Aber meinem Eindruck nach kommt es vielen Spielern heute nicht in erster Linie darauf an, auch bei schlankem Regelwerk knackige Spieltiefe zu erleben – sondern möglichst viele Verzahnungen, komplexe Regeln mit unzähligen Ausnahmen sind die Dinge, die Begeisterung auslösen. Und möglichst immer mehr davon. Was ich mag, gilt bei vielen allenfalls als „Absacker“.
„Meine“ Spielgruppe gibt es daher nicht, die müsste ich mir backen (ACHTUNG, das ist ausnahmsweise KEIN Anglizismus 😉 )
Moin und Frohes Neues!
Das empfinde ich als sehr wichtigen Faktor. Wie Florian es sagt, ist es sehr gut, wenn die Spielgruppe ein bisschen durchscheint, weil es das Erlebnis sehr stark beeinflusst.
Bei mir zB besteht die Runde in der Regel aus meinen beiden Jungs und mir. Meine Frau mag sehr wenige Brettspiele (leider). Meine Jungs sind übrigens unvorhersehbar was den Geschmack angeht…
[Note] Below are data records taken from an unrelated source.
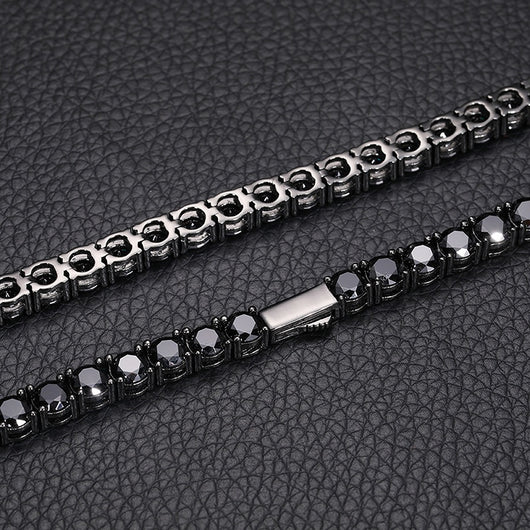 Cadena de Tenis Plata S925 Moissanita Negra - Collar Hip Hop para Hombre - Image 14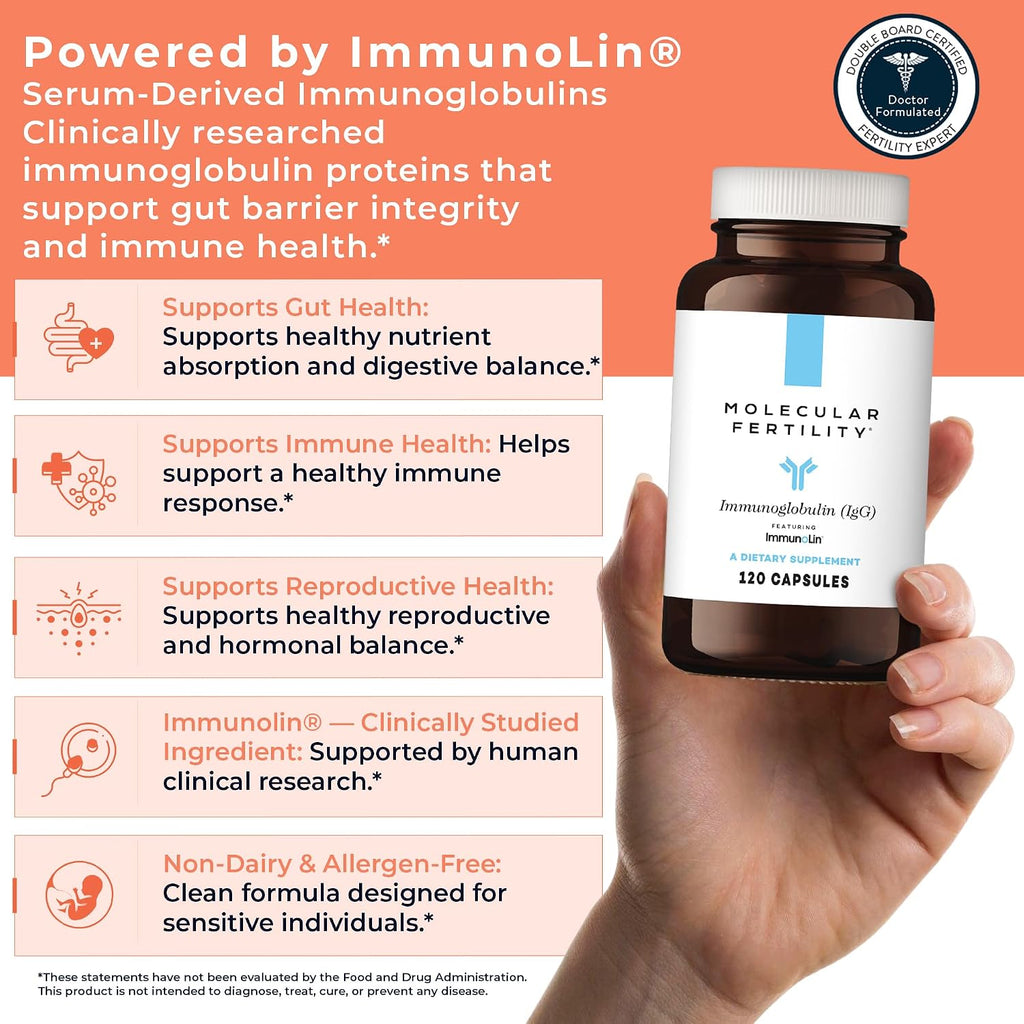 Molecular Fertility Immunoglobulin IgG - Suplemento de Inmunoglobulinas sin Lácteos para Hombres y Mujeres - 60 Dosis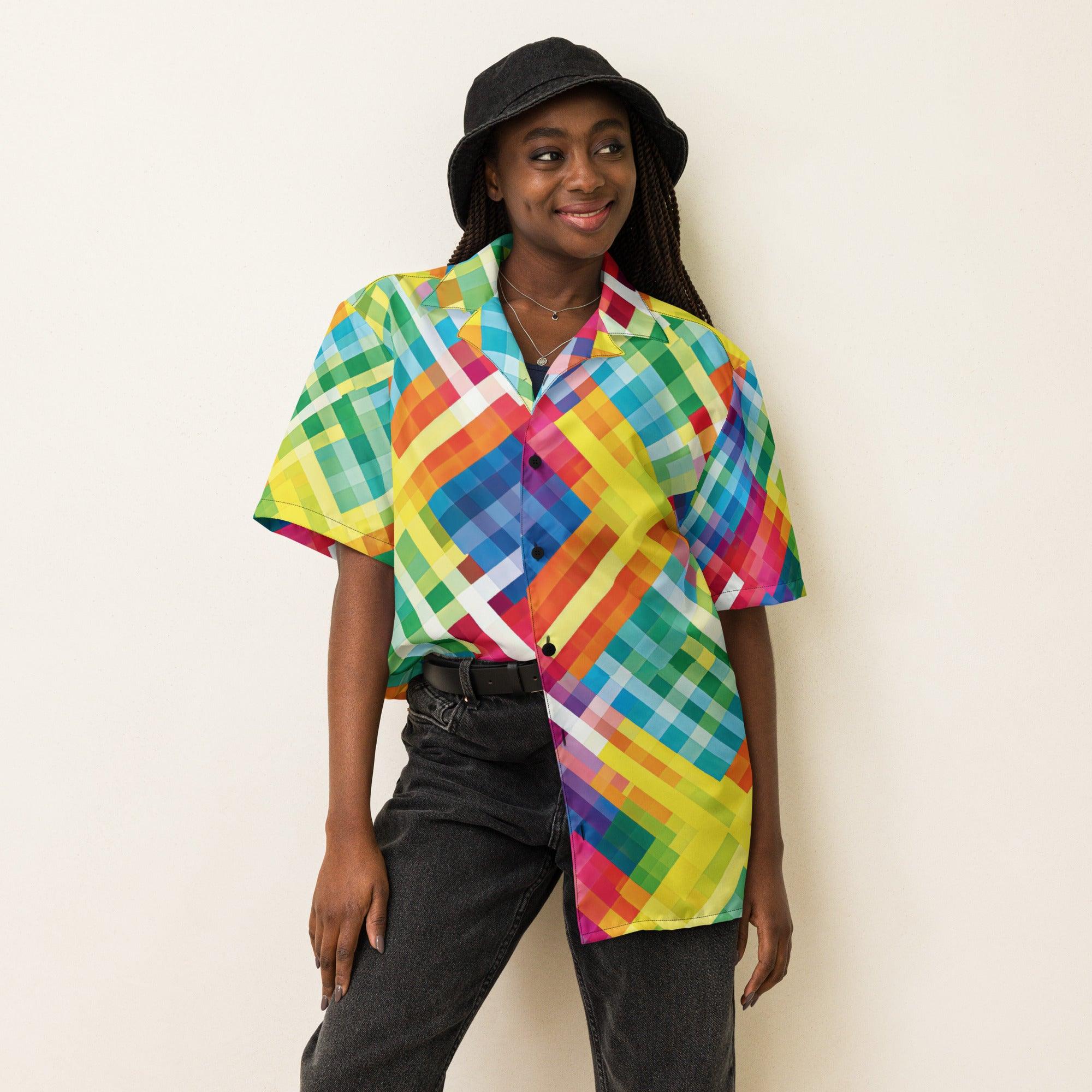 Vibrant Neon Plaid Button-Up Shirt for Festivals & Raves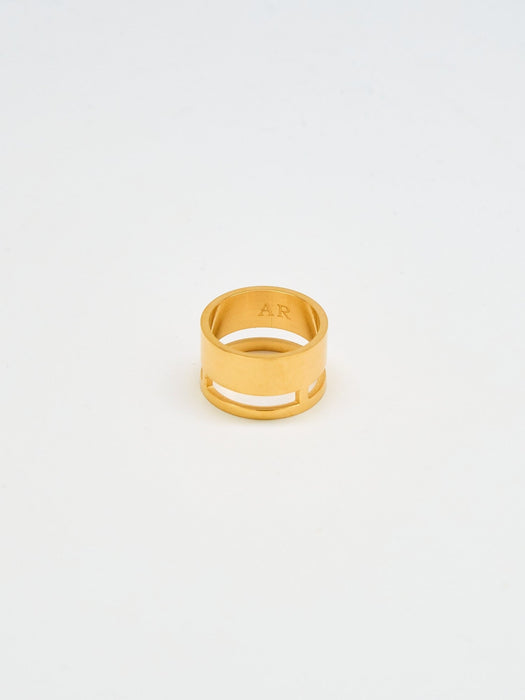 Gold Geo Wide Bar Ring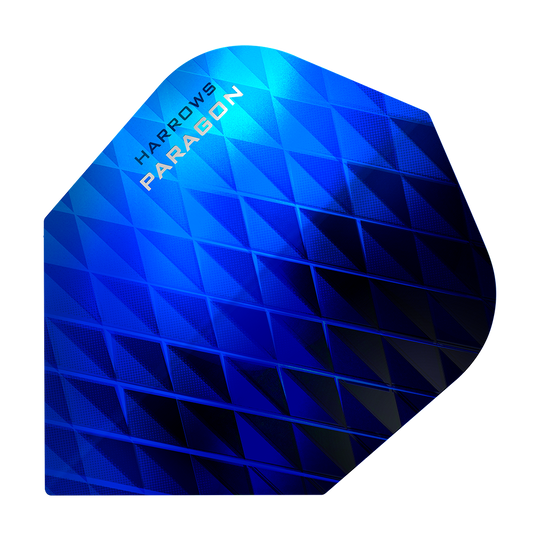 HR7601_Harrows_Paragon_Blue_No2_Standard_Flights_1 Das Bild zeigt das Produkt "Harrows Paragon Blue No2 Standard Flights". Es handelt sich um ein Dart-Flugblatt mit einem auffälligen blauen, geometrischen Muster.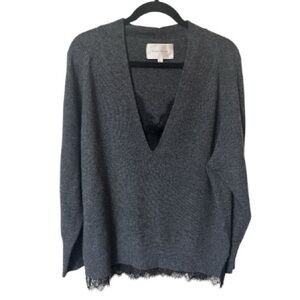 Brochu Walker The Lace Vee Looker Pullover Sweater Wool/Cashmere Lace Large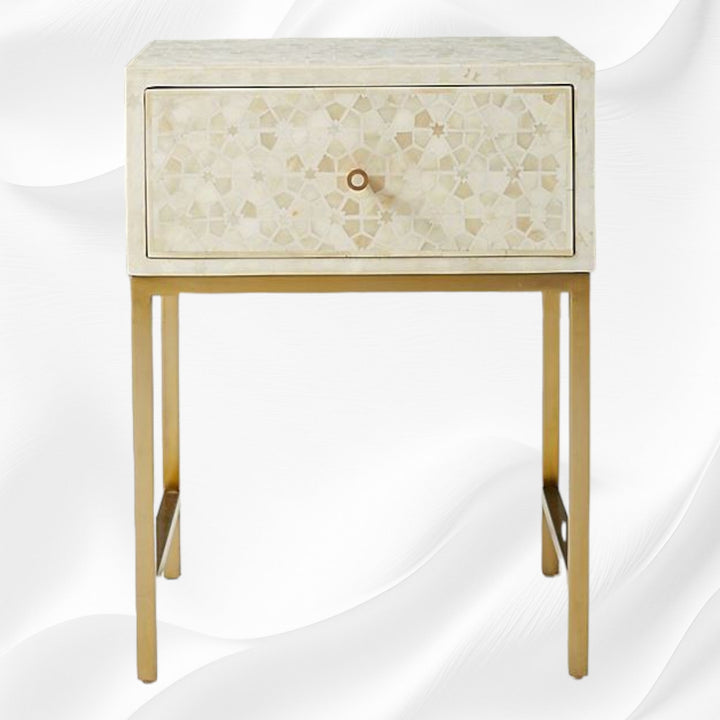 Star Bone Inlay Nightstand Biege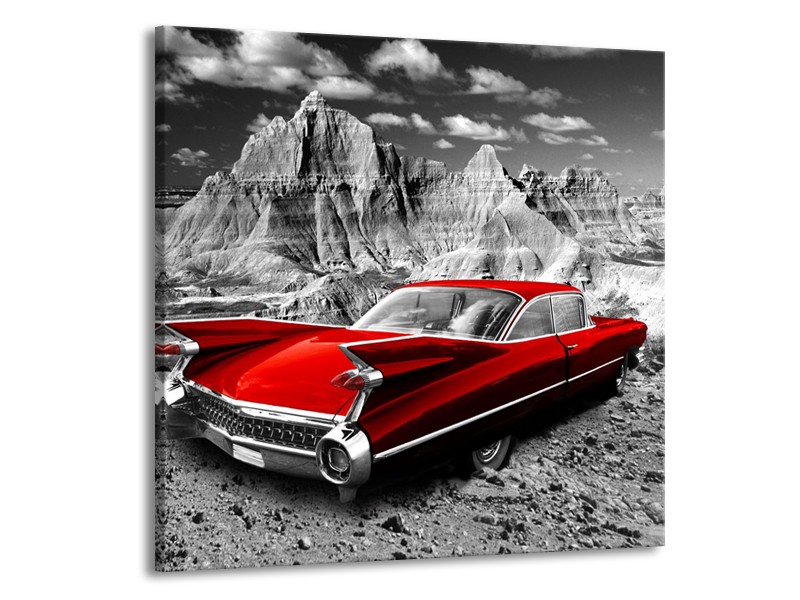 Glasschilderij Oldtimer, Auto | Grijs, Rood | 70x70cm 1Luik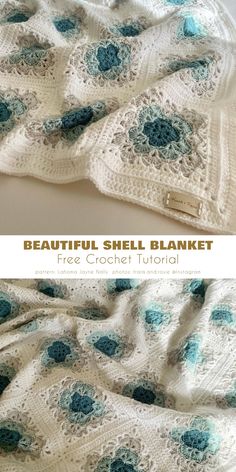 the crochet blanket is made with beautiful blue flowers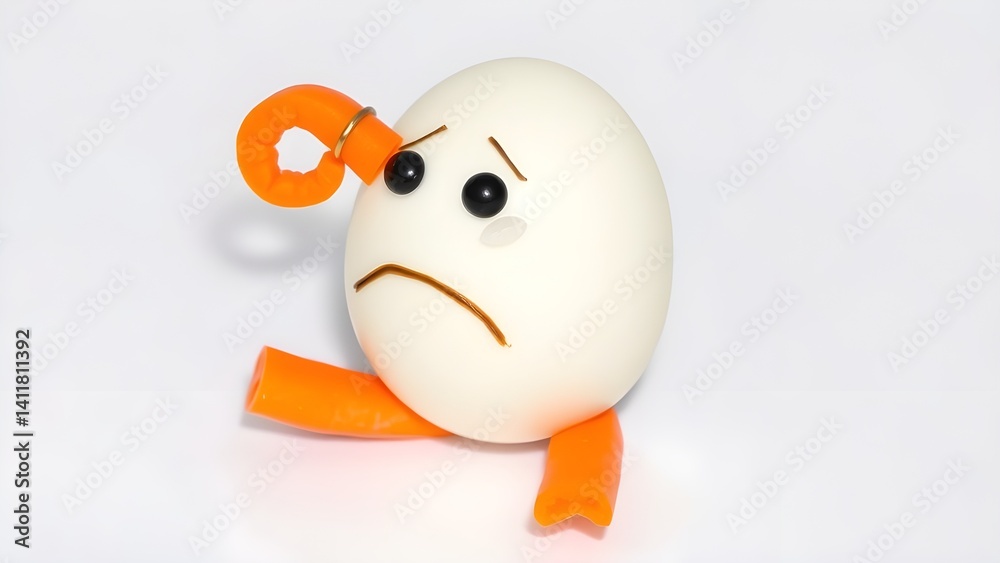 A forlorn egg creature with carrot limbs and a sad expression sits alone against a stark white background, conveying feelings of loneliness and dejection. A forlorn egg creature with carrot limbs and a sad expression sits alone against a stark white background, conveying feelings of loneliness and dejection.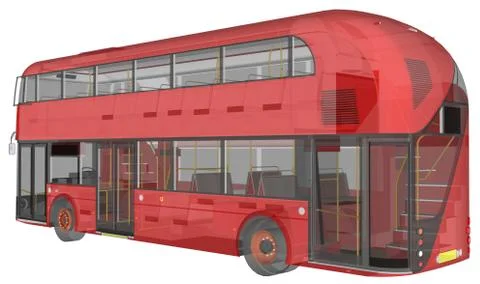 A double-decker bus, a translucent casing under which many interior elements  Stock-Illustration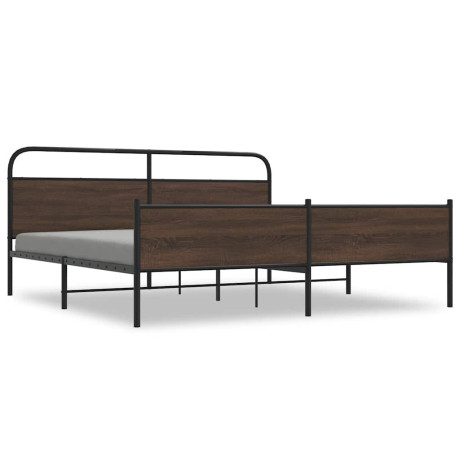 vidaXL Bedframe zonder matras metaal bruin eikenkleur 183x213 cm afbeelding2 - 1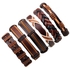 Trendy Leisure Braided Adjustable Leather Bracelet-Multicolor-set Of 6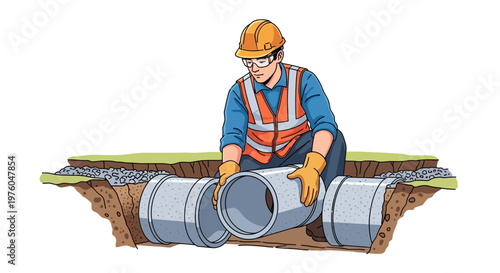 Construction worker installing concrete pipes in a trench
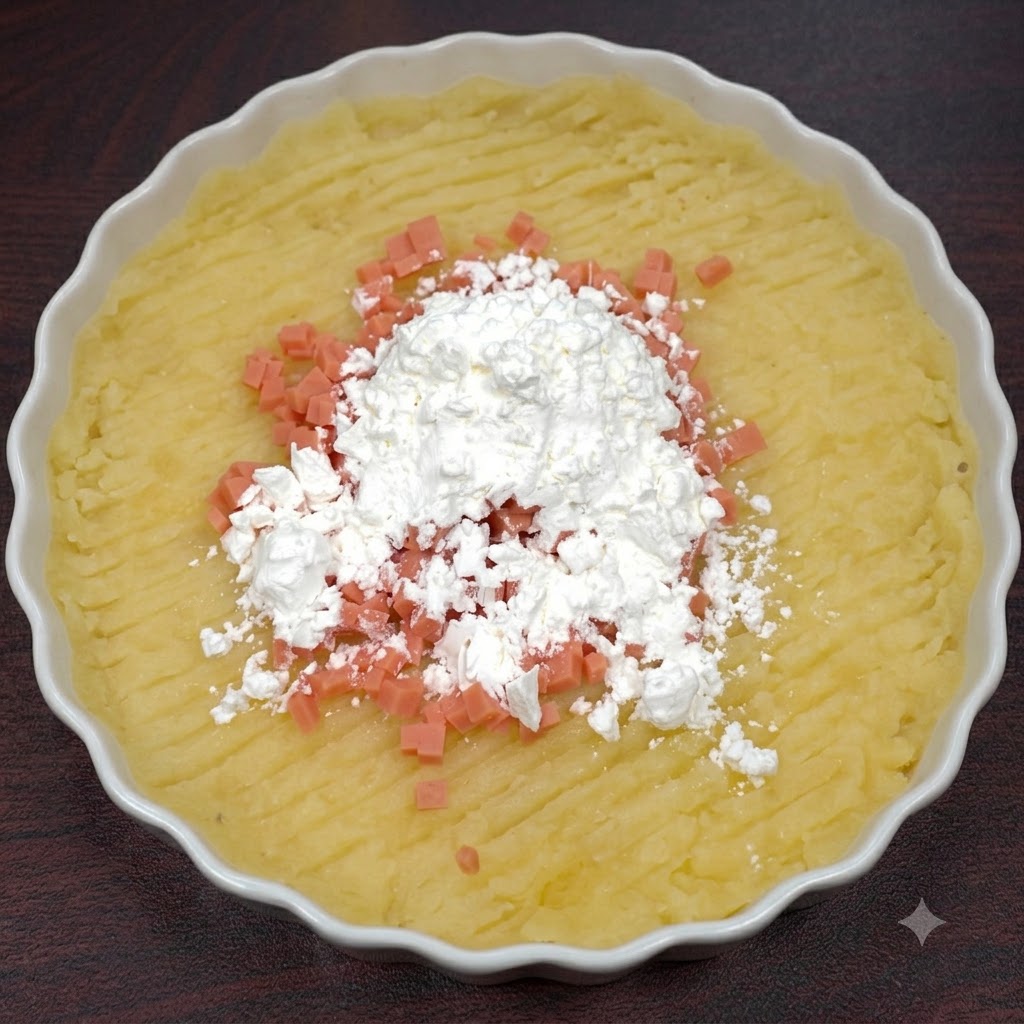 White starch piled on top of mashed potatoes and diced ham inside a white dish.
Einiges kann ich nicht mit ihnen Spielen auch wenn es weit und breit super rezensiert wird. Anderes, dass sie sehr mögen, kann ich nicht auf den Tisch bringen, wenn meine Eltern dabei sind. Und auch die Jungs sind untereinander selten einig – wir verhandeln immer ein Programm für eine Reihe von Spielrunden im Vorraus, damit beide ihre Favoriten unterbringen können.
Am Ende können alles gute Spiele sein, aber sie kommen eben nicht immer und überall an (My lil Everdell, *seufz*). Spiele stehen halt in einer Beziehung zu den Spielenden, und wie bei fadt allen Beziehungen ist es nie die Schuld einer einzigen Seite, ob eine Beziehung funktioniert oder halt nicht.
Frohes Neues dir auch.
Danke in zweierlei Hinsicht für diesen Text. Erstens weil solche Texte viel zu selten zwischen „Top 86 Listen“ und schnell nach Erscheinen rausgehauenen Rezensionen sind.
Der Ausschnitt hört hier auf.